TASK TO COMPLETE:
Excluding pictures, retype the line with "this 1024×576 image." and each line that follows it to the end of the data below, word for word.

*** Opening DATA SHOWN ***

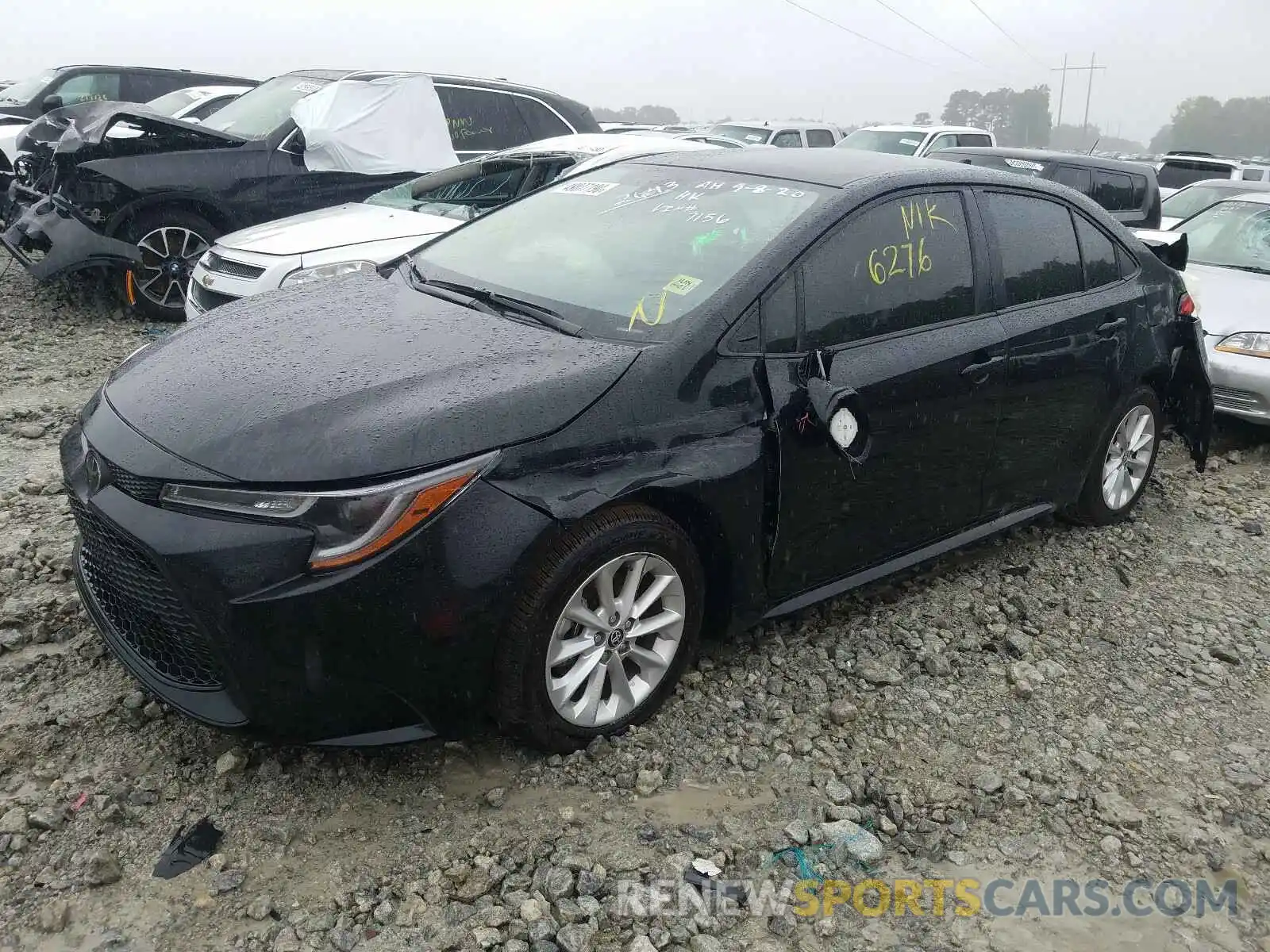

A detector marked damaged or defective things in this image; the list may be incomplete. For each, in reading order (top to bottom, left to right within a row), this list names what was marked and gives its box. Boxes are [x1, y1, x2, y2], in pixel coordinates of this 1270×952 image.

damaged dark sedan [5, 68, 599, 321]
damaged dark sedan [64, 151, 1214, 751]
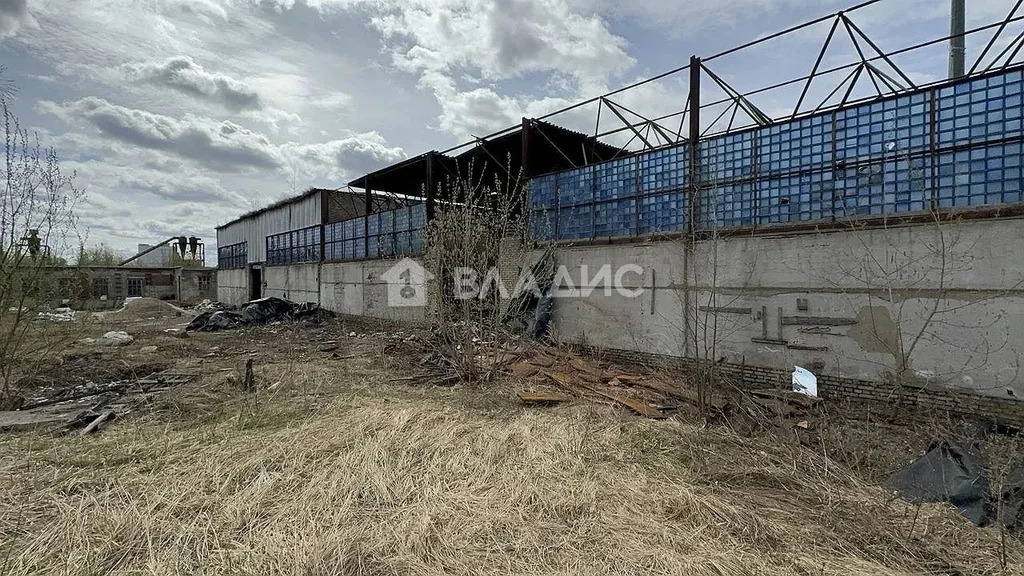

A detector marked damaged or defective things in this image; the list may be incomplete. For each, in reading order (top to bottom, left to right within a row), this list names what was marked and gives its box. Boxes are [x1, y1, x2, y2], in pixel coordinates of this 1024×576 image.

broken roof section [346, 117, 616, 200]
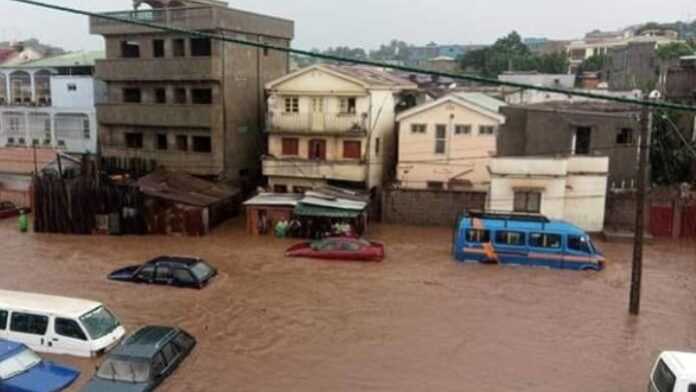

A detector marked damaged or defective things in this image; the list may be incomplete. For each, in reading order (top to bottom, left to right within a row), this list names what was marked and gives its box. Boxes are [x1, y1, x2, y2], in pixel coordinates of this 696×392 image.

*** Closing DATA SHOWN ***

SOLUTION TO THIS PROBLEM:
A detector marked damaged or defective things in this image; the list may be incomplete. For each, in reading order (top to bottom, left to right within a row), this list names what was marked and gives its box. Boxes are [x1, y1, x2, y2], in pixel coordinates of this 1024×576 image.

broken roof section [346, 117, 616, 200]

A detector marked damaged or defective things in this image; the list may be incomplete. For each, in reading order (top to bottom, left to right within a row), this list names what was marked and gives its box. Boxes are [x1, y1, x2, y2], in pixel coordinates of this 696×392 image.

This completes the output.